## INFORMATION SUPPLIED
↓↓↓

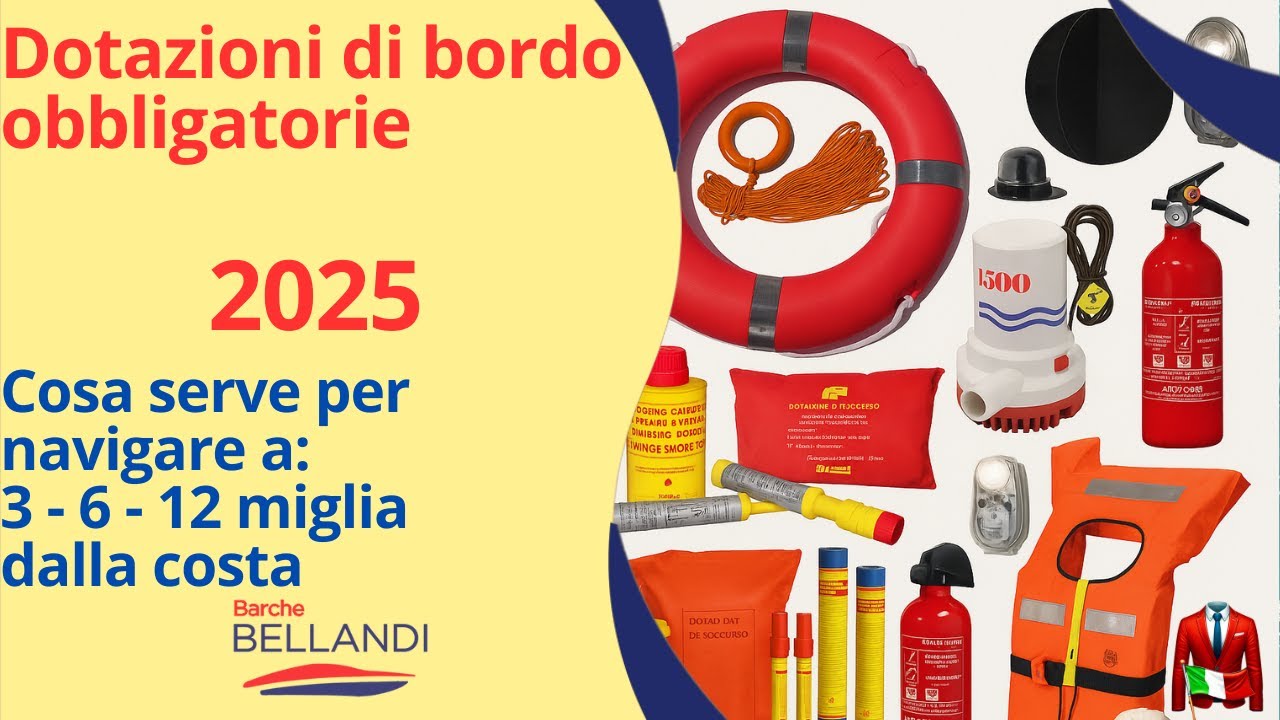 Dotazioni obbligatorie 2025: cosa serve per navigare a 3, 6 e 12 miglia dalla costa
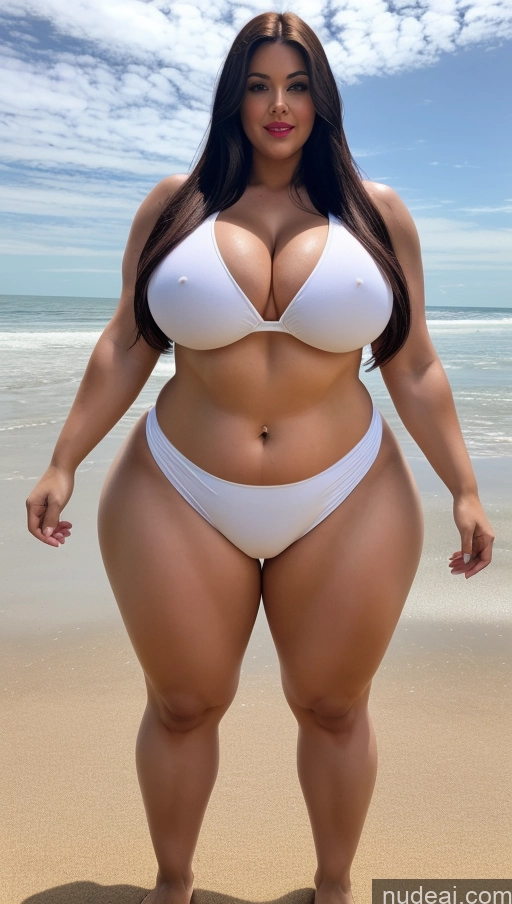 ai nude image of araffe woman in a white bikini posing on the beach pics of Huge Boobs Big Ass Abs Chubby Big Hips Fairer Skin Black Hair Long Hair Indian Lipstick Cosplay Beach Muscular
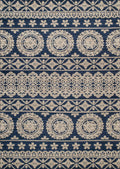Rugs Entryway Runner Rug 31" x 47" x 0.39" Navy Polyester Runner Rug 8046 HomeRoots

↑↑↑

## ACTIVITY
The output is to be the material in full and unaltered, with pictures omitted.

## OUTPUT FOR THIS TASK
 Dotazioni obbligatorie 2025: cosa serve per navigare a 3, 6 e 12 miglia dalla costa
 ai nude image of araffe woman in a white bikini posing on the beach pics of Huge Boobs Big Ass Abs Chubby Big Hips Fairer Skin Black Hair Long Hair Indian Lipstick Cosplay Beach Muscular
Rugs Entryway Runner Rug 31" x 47" x 0.39" Navy Polyester Runner Rug 8046 HomeRoots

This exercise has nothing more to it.